→ DATA TO EXAMINE

*****

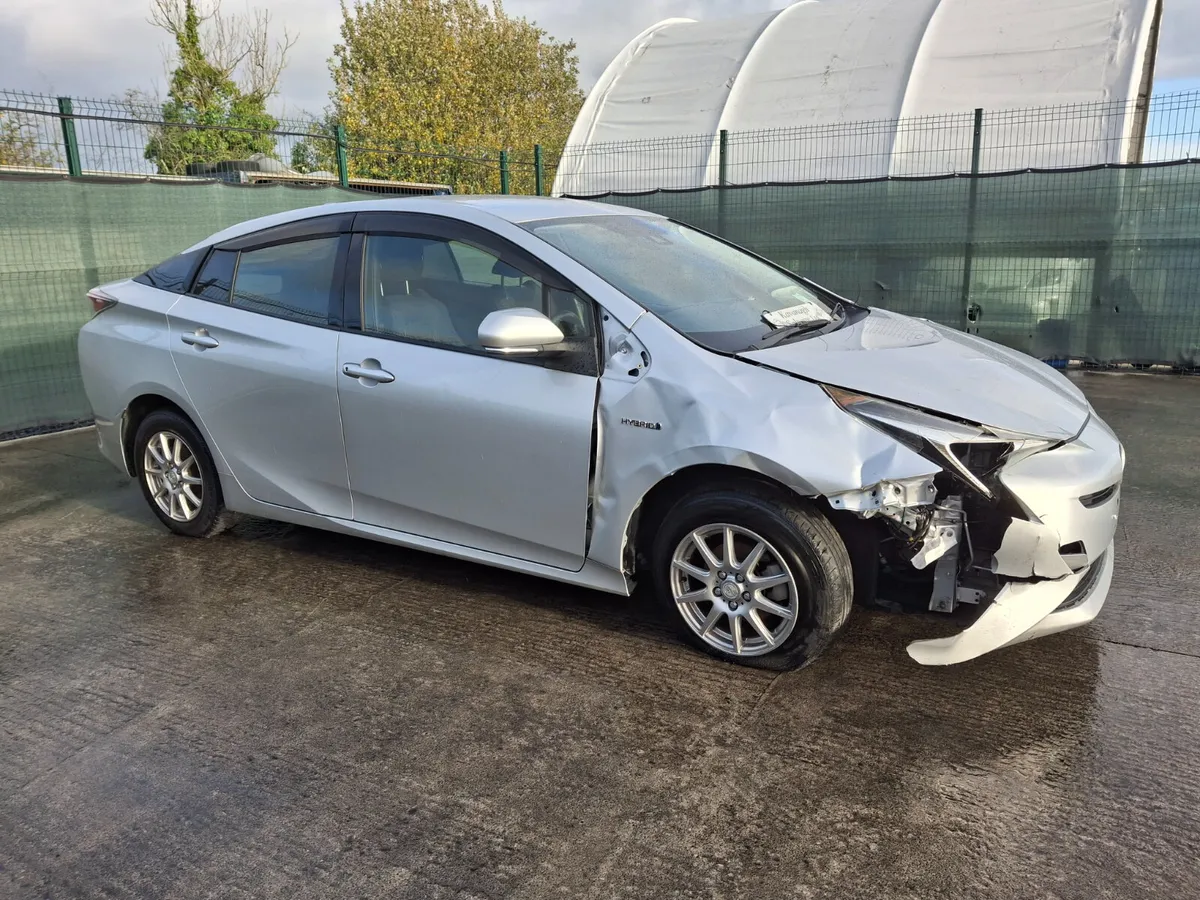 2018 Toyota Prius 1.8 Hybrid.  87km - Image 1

*****

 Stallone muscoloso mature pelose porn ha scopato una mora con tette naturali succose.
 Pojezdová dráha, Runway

*****

→ INSTRUCTIONS TO FOLLOW
Please transcribe only the lines in the records above running from the line that has "Stallone muscoloso mature" through the line that has "Pojezdová dráha, Runway", both included, exactly as they appear.

→ PROBLEM SOLUTION
 Stallone muscoloso mature pelose porn ha scopato una mora con tette naturali succose.
 Pojezdová dráha, Runway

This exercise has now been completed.